Every bad thing seems to
have coalesced into today, and everyone’s just been complicit in
watching it slide – as long as they receive a benefit - and it continues.
This country’s main import
has been foreign aid for a long time, in exchange for some of the world’s most
demanded minerals, and I still see the search for money rather than
change. The movers and shakers follow
the money: into corruption, into theft,
into NGOs, into exploitation, into churches...
I want to shake someone and
say, “This is crazy! Do you understand
that?!” But it’s really just
transference – I’d much rather grab my brain and shake until I don’t know my amygdala
from my hypothalamus, until all the knowledge I’ve managed to retain about the
Great Lakes settles and the truth drifts in gentle eddies to the top.
The truth is that corruption
is not okay, even if everyone else does it.
Stealing is not okay, even if you’re poor. Searching only for cases of horror, rape, and
trauma is not okay, even if it buys aid.
Supporting an ineffective, authoritarian government is not okay, even if
it ensures cheap resources, because the balancing weight is scores of lives eking
out a living far below the poverty line and under constant threat of
violence. But how to share this, how to
live it, when the country and its issues are not a part of me, not ingrained
into my skin?
This vast, horrible
knowledge is disturbed and broken by my small, daily, petty battles that I
cannot win - as I think about my responsibility to be a witness for Christ in
my workplace, in my organization, on my team, at home - when I, myself, am a
liar, a thief, a coward, and a lover of money...
Our house helper finally
left my bed alone. In a fit of thwarted
rage, he mopped the floors, washed one pot holder, and disposed of various
quantities of peanut butter, sunflower oil, olives, biscuits, and chocolate –
either in his stomach or in the garbage, I’m the last one to know.
I was in a snit of epic
proportions, never mind the fact that none of those items were mine (they
belonged to the previous owners of the apartment) – why would you eat the
peanut butter when all I want is for you to mop the floors one day a week? And one pot holder?!
He’s almost as bad as the
lizards who, having realized that I’m not very disturbed by them any longer, mostly
hide and leave poop in strategic locations.

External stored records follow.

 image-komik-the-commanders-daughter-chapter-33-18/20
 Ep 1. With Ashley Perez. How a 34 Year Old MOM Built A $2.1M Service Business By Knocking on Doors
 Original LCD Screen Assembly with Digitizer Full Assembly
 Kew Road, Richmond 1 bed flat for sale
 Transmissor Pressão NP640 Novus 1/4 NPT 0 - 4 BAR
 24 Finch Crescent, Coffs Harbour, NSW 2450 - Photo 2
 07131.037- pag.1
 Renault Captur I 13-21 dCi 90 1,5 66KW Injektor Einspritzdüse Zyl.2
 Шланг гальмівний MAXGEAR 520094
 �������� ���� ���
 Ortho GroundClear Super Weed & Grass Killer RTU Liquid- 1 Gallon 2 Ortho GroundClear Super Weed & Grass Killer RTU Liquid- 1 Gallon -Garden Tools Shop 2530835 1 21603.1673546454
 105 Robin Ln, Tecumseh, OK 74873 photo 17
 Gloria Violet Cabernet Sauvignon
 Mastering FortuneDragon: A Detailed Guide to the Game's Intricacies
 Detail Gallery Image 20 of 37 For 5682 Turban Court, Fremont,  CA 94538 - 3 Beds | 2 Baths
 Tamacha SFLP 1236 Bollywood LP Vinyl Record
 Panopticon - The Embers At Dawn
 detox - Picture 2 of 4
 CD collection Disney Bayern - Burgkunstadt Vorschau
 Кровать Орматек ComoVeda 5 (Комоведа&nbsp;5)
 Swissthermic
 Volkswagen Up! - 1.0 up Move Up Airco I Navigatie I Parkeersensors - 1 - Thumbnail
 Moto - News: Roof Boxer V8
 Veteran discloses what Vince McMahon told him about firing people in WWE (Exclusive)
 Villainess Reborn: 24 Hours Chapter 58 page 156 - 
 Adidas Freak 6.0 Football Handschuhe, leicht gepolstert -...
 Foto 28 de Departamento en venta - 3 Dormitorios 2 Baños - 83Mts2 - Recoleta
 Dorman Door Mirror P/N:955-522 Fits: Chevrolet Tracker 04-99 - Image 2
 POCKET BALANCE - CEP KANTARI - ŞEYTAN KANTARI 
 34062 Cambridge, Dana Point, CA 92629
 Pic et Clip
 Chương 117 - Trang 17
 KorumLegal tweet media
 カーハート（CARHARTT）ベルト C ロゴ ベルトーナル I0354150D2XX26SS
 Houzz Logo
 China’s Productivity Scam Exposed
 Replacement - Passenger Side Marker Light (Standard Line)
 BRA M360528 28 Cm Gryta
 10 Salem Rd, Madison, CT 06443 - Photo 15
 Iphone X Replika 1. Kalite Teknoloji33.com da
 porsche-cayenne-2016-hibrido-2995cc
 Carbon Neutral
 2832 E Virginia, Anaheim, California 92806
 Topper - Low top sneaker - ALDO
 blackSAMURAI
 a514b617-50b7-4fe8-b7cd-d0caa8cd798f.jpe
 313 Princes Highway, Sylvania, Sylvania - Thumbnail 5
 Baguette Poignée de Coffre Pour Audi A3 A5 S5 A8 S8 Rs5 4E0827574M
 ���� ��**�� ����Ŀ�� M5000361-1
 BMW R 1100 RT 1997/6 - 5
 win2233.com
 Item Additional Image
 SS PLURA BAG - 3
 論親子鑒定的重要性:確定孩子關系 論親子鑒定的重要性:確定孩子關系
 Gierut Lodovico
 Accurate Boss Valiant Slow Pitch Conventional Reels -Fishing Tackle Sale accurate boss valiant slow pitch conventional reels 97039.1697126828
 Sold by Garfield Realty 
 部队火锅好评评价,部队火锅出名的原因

But none of this jolted me
as badly as when I thought I saw a familiar face on my bus. I debated between confusion and morbid fear
for a while, finally settling on the latter when I decided he was the Burundian
suitor who’d accompanied me on the way over from Rwanda. I’d buried my Rwandan phone and refused to
add him on Facebook, for which I believe his memory will forever haunt me –
which is why when (I thought) I saw him in the flesh, I went into
convulsions. I convulsively threw my scarf
over my face, convulsed my way off the bus and past him wrapped like a mummy,
and convulsed home, where I found him climbing a chair to fix the wiring in our apartment and remembered that he was, in fact, our electrician.
In my defense, they vaguely
look alike.
You tell me how I’m supposed to contemplate the mysteries of the human condition in a recovering war zone when daily life is a psychological roller coaster.